Assignment
Set the pictures aside and set down only the lines from the line holding "Oval Illusion Diamond" through the end of the entries below, ends included.

Stored items:
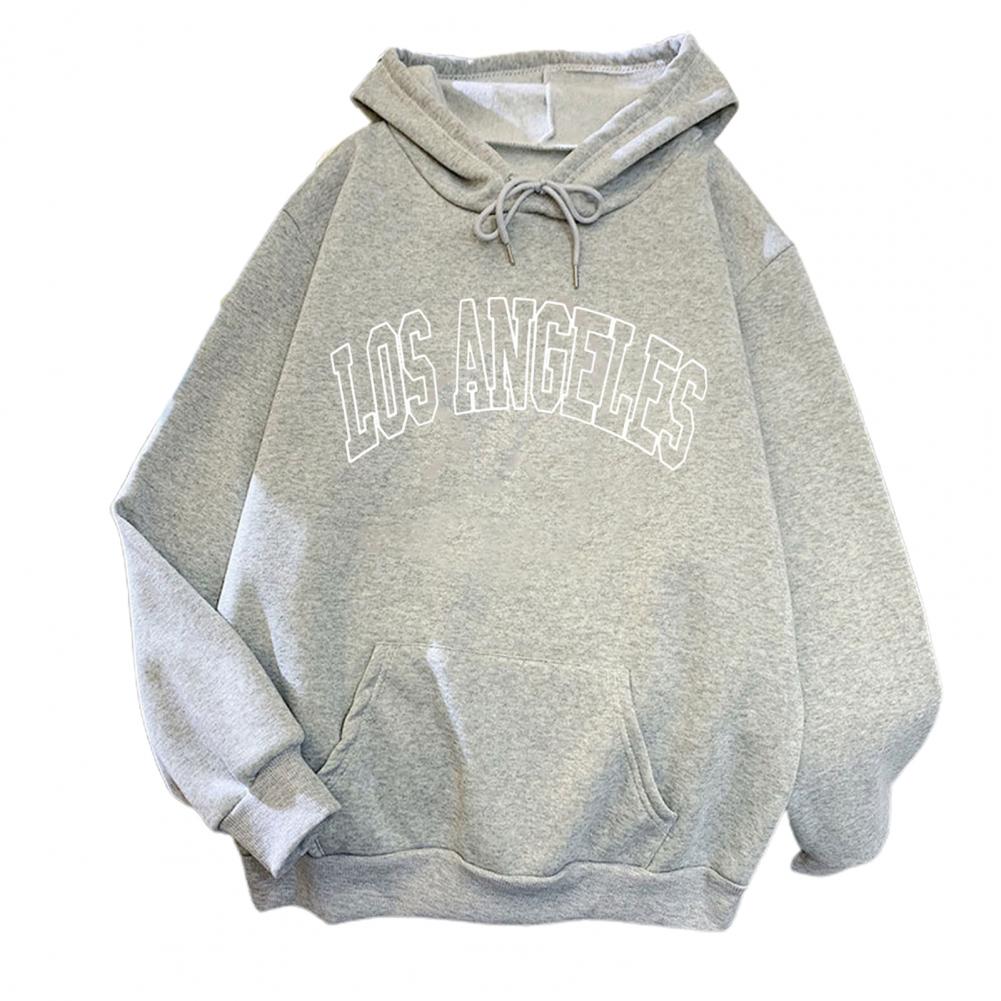 Women Hoodie Hooded Drawstring Loose Pullover Spring Hoodie Sweatshirt for Daily Wear Female Clothing Streetwear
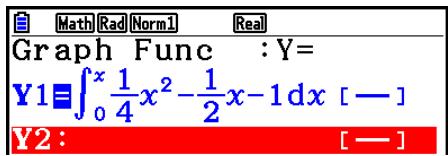 CASIO GRAPH COLOR FX-CG20 - Mode d'écriture mathématique dans le mode Graph - 3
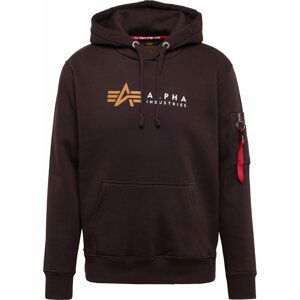 ALPHA INDUSTRIES Mikina béžová / hnědá / bílá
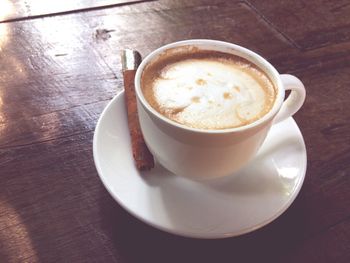 Close-up of coffee cup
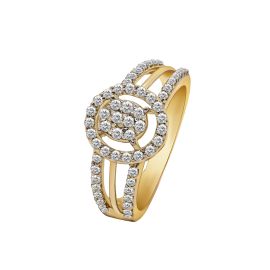 Oval Illusion Diamond Ring in 18k Gold_VT14994-5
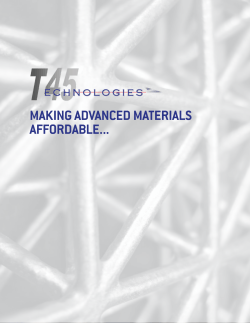 MAKING ADVANCED MATERIALS AFFORDABLE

Exercise answer
 Oval Illusion Diamond Ring in 18k Gold_VT14994-5
 MAKING ADVANCED MATERIALS AFFORDABLE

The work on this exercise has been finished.